求職相談などで窓口に訪れた人たち(京都市中京区・ハローワーク西陣烏丸御池庁舎)

電話応対する職員。緊急事態宣言の再発令で電話での相談依頼も増えているという

電話応対する職員。緊急事態宣言の再発令で電話での相談依頼も増えているという

 新型コロナウイルスの影響が長期化し、京都府内の雇用情勢が悪化している。緊急事態宣言が延長される中、飲食、小売り、サービス業界は軒並み窮地に立たされ、雇用維持は限界に近づく。各地のハローワークでは求職相談が増加し、しわ寄せを受けた非正規雇用の女性や外国人らは深刻な生活苦に直面している。

 「外国人はホテル以外での再就職は難しいのか…」

 1月下旬の京都市中京区のハローワーク西陣烏丸御池庁舎。相談に訪れたフィリピン人の女性は不安な表情で話した。勤務先だった市内のホテルは昨春の感染拡大「第1波」で業績が悪化し、昨年3月に解雇された。1年近く職を探し続けているが、条件に合う仕事がいまだに見つからない。

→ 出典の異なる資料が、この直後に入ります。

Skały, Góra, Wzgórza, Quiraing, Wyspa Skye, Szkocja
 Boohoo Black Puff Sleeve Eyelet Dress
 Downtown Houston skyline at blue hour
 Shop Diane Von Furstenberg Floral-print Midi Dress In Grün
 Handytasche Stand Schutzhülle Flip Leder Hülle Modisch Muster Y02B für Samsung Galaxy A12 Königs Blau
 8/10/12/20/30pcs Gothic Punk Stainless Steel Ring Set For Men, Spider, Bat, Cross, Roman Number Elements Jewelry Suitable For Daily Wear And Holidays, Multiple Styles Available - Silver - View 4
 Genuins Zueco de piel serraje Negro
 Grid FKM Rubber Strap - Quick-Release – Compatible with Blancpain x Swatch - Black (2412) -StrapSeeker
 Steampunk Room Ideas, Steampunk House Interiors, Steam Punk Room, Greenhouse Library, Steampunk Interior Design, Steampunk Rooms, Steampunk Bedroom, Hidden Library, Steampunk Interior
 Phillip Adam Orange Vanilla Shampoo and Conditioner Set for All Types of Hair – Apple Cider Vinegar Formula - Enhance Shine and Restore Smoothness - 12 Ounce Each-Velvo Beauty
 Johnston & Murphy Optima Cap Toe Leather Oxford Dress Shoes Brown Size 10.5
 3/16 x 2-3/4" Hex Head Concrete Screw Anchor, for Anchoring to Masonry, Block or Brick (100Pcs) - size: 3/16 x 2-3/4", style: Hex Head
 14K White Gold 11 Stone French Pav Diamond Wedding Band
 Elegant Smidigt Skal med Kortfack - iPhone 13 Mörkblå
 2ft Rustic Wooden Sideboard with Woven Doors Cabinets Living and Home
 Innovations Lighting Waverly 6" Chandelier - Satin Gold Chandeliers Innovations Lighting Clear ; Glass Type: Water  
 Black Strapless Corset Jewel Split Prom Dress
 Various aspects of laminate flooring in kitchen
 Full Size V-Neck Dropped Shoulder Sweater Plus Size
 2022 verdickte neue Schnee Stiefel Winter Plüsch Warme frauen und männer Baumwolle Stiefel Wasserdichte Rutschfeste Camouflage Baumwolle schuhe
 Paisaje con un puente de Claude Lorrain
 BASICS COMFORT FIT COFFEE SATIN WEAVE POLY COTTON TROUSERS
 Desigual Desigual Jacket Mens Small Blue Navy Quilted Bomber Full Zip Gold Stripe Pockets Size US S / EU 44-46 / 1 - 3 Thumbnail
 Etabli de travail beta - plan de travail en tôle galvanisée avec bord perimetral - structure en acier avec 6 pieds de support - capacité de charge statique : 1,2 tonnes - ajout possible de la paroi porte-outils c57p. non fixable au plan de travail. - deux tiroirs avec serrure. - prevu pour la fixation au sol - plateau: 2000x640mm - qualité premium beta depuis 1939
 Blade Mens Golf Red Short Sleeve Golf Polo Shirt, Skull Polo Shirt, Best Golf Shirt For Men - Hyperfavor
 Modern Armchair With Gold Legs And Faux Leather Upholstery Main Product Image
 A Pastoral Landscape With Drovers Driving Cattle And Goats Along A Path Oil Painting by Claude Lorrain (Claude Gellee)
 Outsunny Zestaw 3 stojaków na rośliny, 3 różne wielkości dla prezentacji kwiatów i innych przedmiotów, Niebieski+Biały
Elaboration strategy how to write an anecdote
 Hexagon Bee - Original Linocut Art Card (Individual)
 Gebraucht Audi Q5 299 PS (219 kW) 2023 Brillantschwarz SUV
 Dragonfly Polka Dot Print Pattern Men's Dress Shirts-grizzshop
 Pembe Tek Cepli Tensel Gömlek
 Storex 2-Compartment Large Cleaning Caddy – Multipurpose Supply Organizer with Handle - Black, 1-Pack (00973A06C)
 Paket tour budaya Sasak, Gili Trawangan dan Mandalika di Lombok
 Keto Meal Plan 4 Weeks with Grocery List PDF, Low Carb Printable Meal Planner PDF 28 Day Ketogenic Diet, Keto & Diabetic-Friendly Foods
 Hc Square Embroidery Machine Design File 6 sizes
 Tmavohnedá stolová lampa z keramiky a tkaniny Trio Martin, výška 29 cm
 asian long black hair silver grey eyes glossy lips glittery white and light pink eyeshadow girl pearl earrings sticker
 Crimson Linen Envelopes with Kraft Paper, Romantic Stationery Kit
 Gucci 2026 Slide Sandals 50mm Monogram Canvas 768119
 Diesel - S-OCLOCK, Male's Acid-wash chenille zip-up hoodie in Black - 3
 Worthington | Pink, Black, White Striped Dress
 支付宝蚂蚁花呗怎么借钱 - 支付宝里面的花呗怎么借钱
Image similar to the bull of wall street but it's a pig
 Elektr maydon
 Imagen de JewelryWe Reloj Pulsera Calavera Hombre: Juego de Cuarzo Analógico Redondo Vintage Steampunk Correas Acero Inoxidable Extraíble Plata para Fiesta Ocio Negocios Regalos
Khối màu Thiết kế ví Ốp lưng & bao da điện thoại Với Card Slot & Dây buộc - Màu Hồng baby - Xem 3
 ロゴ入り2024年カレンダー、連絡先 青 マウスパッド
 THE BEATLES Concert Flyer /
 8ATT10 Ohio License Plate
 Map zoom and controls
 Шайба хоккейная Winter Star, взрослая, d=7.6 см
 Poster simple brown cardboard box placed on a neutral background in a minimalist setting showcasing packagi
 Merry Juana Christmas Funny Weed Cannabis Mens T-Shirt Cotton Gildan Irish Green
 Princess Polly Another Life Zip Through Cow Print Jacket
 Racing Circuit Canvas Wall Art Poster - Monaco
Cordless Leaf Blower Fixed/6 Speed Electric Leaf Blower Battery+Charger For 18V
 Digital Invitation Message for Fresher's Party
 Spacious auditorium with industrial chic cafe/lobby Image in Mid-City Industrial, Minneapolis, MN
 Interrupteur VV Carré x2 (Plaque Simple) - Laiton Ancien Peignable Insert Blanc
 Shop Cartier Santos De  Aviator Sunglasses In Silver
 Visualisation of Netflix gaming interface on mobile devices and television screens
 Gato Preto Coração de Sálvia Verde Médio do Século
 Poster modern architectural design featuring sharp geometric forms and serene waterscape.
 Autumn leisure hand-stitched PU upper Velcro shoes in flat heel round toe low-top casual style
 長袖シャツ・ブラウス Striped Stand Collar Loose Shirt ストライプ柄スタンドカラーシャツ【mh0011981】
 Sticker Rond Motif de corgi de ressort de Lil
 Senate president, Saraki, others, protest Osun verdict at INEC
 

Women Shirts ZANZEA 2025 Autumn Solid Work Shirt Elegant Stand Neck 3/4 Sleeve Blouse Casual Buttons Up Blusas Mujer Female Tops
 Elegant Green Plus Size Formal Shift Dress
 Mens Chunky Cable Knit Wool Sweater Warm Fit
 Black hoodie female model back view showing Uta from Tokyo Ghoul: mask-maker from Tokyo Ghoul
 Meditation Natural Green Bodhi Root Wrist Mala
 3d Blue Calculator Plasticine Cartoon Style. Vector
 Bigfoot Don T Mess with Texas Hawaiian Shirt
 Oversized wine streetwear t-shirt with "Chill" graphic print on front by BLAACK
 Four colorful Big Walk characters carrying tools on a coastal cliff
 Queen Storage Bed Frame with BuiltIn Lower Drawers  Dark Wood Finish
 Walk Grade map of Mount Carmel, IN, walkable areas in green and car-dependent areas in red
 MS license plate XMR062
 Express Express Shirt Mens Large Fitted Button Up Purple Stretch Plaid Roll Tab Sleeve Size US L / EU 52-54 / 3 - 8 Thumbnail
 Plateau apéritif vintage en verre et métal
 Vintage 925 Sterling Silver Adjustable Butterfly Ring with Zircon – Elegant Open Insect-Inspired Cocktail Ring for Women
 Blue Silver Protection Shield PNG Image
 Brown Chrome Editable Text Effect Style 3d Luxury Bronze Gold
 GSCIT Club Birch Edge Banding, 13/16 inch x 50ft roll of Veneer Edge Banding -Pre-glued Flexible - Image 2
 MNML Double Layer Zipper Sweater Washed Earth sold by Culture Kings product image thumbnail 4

 来日して30年余り。シングルマザーとして長男を育てた。帰国は今更できず、失業保険の給付は6カ月で途絶えた。わずかな貯金を取り崩すが、月6万円の家賃が重く、携帯電話は料金滞納で昨年11月に回線を切断された。節約のためにこたつで寒さをしのぎ、スーパーでは必ず夕方以降の値下げ品を購入する。「1円も多く使えない。遊びにもどこにも行っていない」

 コロナ禍が直撃した飲食、観光、小売りなどの業界は従業員の中でアルバイトやパート、派遣など非正規雇用が多い。京都労働局によると、府内の有効求人倍率(季節調整値)は昨年8月に6年6カ月ぶりに1倍を下回り、直近の同12月も0・97倍と低下傾向が続く。

 コロナ関連で解雇や雇い止めに遭った人は、見込みを含めて1月29日時点で1058人。ただハローワークに相談に訪れた企業を対象にした調査のため、実態はさらに多いとみられる。京都労働局は、緊急事態宣言の延長によって「雇用情勢が2月以降さらに厳しくなるかもしれない」(金刺義行局長)と危機感を深める。

 市内のシングルマザーの40代女性は現在、スキルを身に付けるためパソコン教室に通っている。祇園でホステスをする傍ら、ホテル清掃なども掛け持ちしてきたが、昨年4月以降は完全に仕事がなくなった。

 同居する長女が昨年就職し、給料の一部を家計の足しにしているが、娘に頼り続けるわけにもいかない。現在は職業訓練の給付金の支給を待ちつつ、「早く技能を身に付けて仕事を見つけたい」と言う。

 「コロナ不況」の長期化で1人の求職活動期間も長引く中、ハローワークでは職業訓練の受講相談が足元で増加している。烏丸御池庁舎では1月の1カ月間で、前年同月比3割増の799件の相談が寄せられた。丸谷正美・就業支援部長は「コロナ禍で特定の業界が大打撃を受けたため、同じ業界での求職が難航している。未経験の業種で仕事を探さざるを得ない人が多い」と背景を説明する。